@SebastianOerding's answer is good, but I'll try a different explanation by building on the concept of a cross-certificate.
Let's say you have two separate CAs, and you want the clients of CA1 (ie those with CA1 in their trust stores) to trust certs issued by CA2. You want to do this without adding CA2 to their trust store.
The solution is a cross-certificate, from the Microsoft documentation:
Cross certification enables entities in one public key infrastructure (PKI) to trust entities in another PKI. ... A mutual trust relationship between two CAs requires that each CA issue a certificate to the other to establish the relationship in both directions. The path of trust is not hierarchal (neither of the governing CAs is subordinate to the other).

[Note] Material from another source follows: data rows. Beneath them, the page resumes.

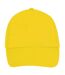 Casquette de baseball buzz unisexe jaune SOLS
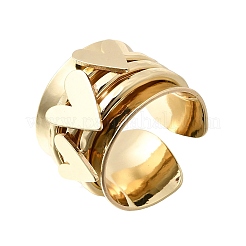 Brass Cuff Open Rings for Women&nbsp;RJEW-F215-09G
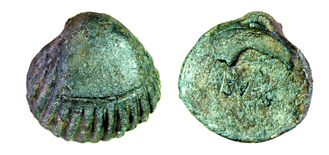 applique/ a conchiglia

So each root issues a certificate containing the public key of the other (self-signed) root CA. This allows path validation engines to "pretend" that the self-signed root cert of CA2 was issued by the cross cert, which was issued by CA1.
Now, think of a link cert as a special case of a cross cert where CA1 and CA2 are two different root certs for the same CA (ie the same CA DN), but with different public keys (and likely also different expiration dates, serial number, CRL location, etc).
Root key expiry is a problem because as far as clients are concerned, it's a brand new CA. Link certs bridge that gap by telling clients that this new root cert replaces the expired one that is in their trust store.